Centotrentasei anni ben portati. Quest’anno (tra giugno e luglio) la FILLEA CGIL festeggerà i suoi primi 136 anni con una serie di iniziative di riflessione sul passato, ma anche e soprattutto sull’oggi e sul domani, con compagne, compagni, amici ed interlocutori esterni che ci aiuteranno nelle nostre elaborazioni.

Sapendo che il mondo è cambiato (e cambia sempre più velocemente), che tecnologia, transizione ecologica, migrazioni e transizione demografica hanno cambiato le mappe fisiche, produttive e sociali delle nostre città. 

Dentro questo gorgo il Mondo ed il Paese sono già “altrove” e con esse (più o meno) il movimento dei lavoratori, nel tentativo di reagire ad una crisi di rappresentanza forte, tenendo insieme battaglie storiche (il rispetto delle leggi e contratti, la lotta agli infortuni, la difesa dei salari e dei diritti) e nuove frontiere (la qualificazione professionale, il cambio dell’organizzazione, dei materiali, delle tecniche, la partecipazione in azienda e sul territorio).

Senza mai rinunciare ad essere “soggetto generale” che, attraverso il lavoro che c’è (e va difeso e cambiato) e che manca (il lavoro che va creato, più stabile e sicuro) e che dobbiamo re inventare ogni giorno, punta a cambiare il mondo, poco a poco, ma con determinazione.

Si, cambiare il mondo: quel mondo (e quell’Unione Europea) usciti dalla pandemia e che vogliamo imparino dai propri errori, superando egoismi sociali, ingiustizie, razzismo e nazionalismo, riscoprendo la programmazione ed il ruolo del pubblico, delle tutele collettive, del welfare, della cooperazione internazionale. 

Quel mondo dove la guerra è rimasta costante comune nelle relazioni internazionali e che, oggi, ci piomba nei salotti di casa con la barbara invasione dell’Ucraina da parte di Putin. Una guerra che rilancia (o dovrebbe rilanciare) l’azione politica dell’Europa e dell’Italia, di chi vuole costruire ponti e non alzare muri. 

E allora sembrano attuali le parole d’ordine di più di 100 anni fa, della solidarietà internazionale dei lavoratori, del canto proletario “nostra patria è mondo intero”, della fame e della paura da combattere e che hanno accompagnato la presa di coscienza dei lavoratori in ogni parte del mondo. 

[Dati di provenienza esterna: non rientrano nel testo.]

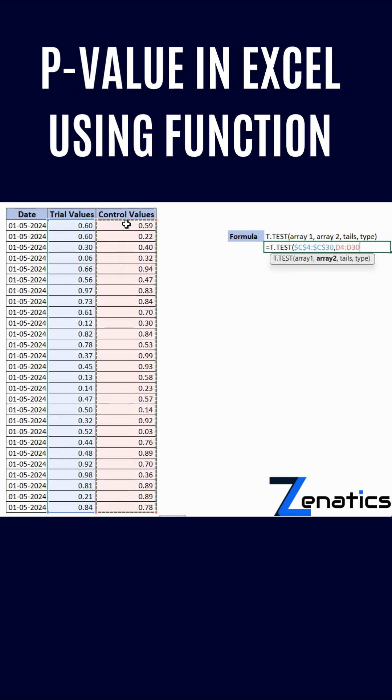I'm going with a two-tailed test because my distribution is two-tailed. Now I'm selecting two sample equal variance because my distribution is like that.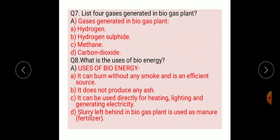Question number eight: what are the uses of bio energy? First, it can burn without any smoke and is an efficient source. Second, it does not produce any ash. Third, it can be used directly for heating, lighting, and generating electricity. Fourth, the slurry left behind in the biogas plant is used as manure, meaning fertilizer.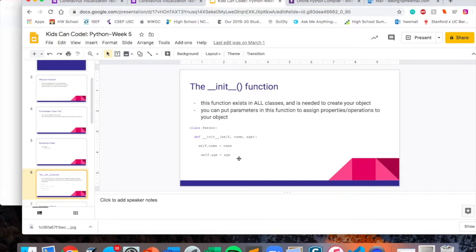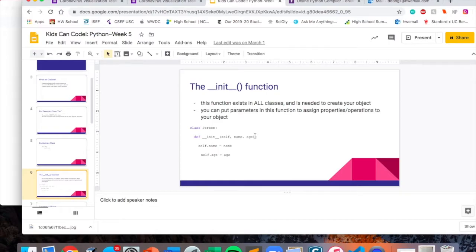For example, here we have the class person. We have the def init function, and then inside we have three parameters: self, name, and age. Self is the keyword to tell the computer that you're creating an object, so you always have to have the word self as a parameter in all the functions of your class.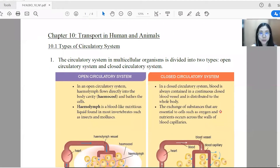Hi everyone, I'm Chongqing Yi and today we're going to have a revision for Form 4 Biology, Chapter 10, Transport in Human and Animals.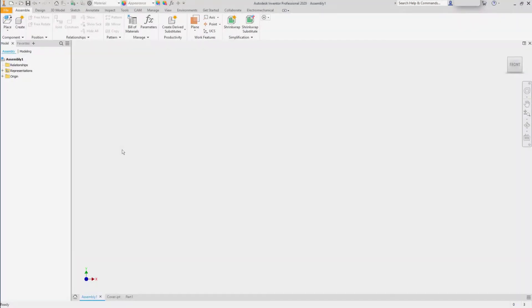Autodesk Inventor can import and translate nearly any major CAD file and neutral file source, but Inventor has another very powerful way of working with non-native data.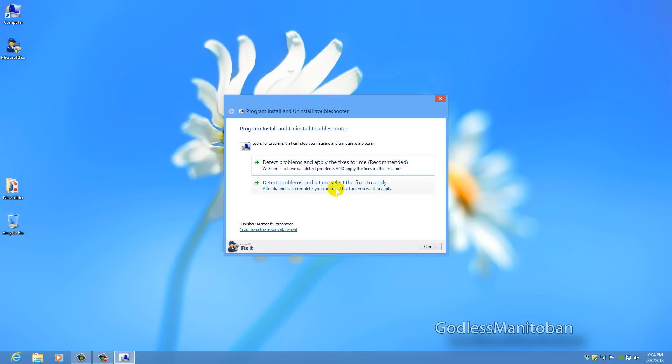And then here it says detect problems and apply fixes for me, recommended, which means automatic and it lets the program decide. But I choose the bottom here, detect problems and let me select the fixes to apply, so it doesn't accidentally remove something that I don't want it to.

Come sanno bene i vecchi migranti italiani, dispersi dalla fame e dalle guerre, andati a costruire grattacieli e gallerie in ogni parte del pianeta, invocando un “Cristo fra i muratori” (per citare il romanzo di Pietro Di Donato), spesso silente alle preghiere dei più poveri.

E un filo rosso sembra legare le battaglie passate a quelle attuali. 

Battaglie per dare strumenti collettivi a ciò che ricatto, tecnologia, precarietà individualizzano (le nostre casse edili, si vedano i rinnovi dei CCNL del marzo 2022, con la battaglia contro il sotto inquadramento). Battaglie per sconfiggere il ricatto del sub appalto (difesa della parità di trattamento ottenuta nel DL. 77/2021 e rimessa tra i principi della legge delega sulla riforma del Codice Appalti al Senato) o della concorrenza sleale (DURC di Congruità, subordinazione dal 27 maggio prossimo di tutti gli incentivi per ristrutturazioni, 110% ecc. all’applicazione dei CCNL edili). Battaglie per il rispetto degli orari di lavoro, per l’inclusione dei lavoratori migranti, per la messa in sicurezza di fabbriche e cantieri.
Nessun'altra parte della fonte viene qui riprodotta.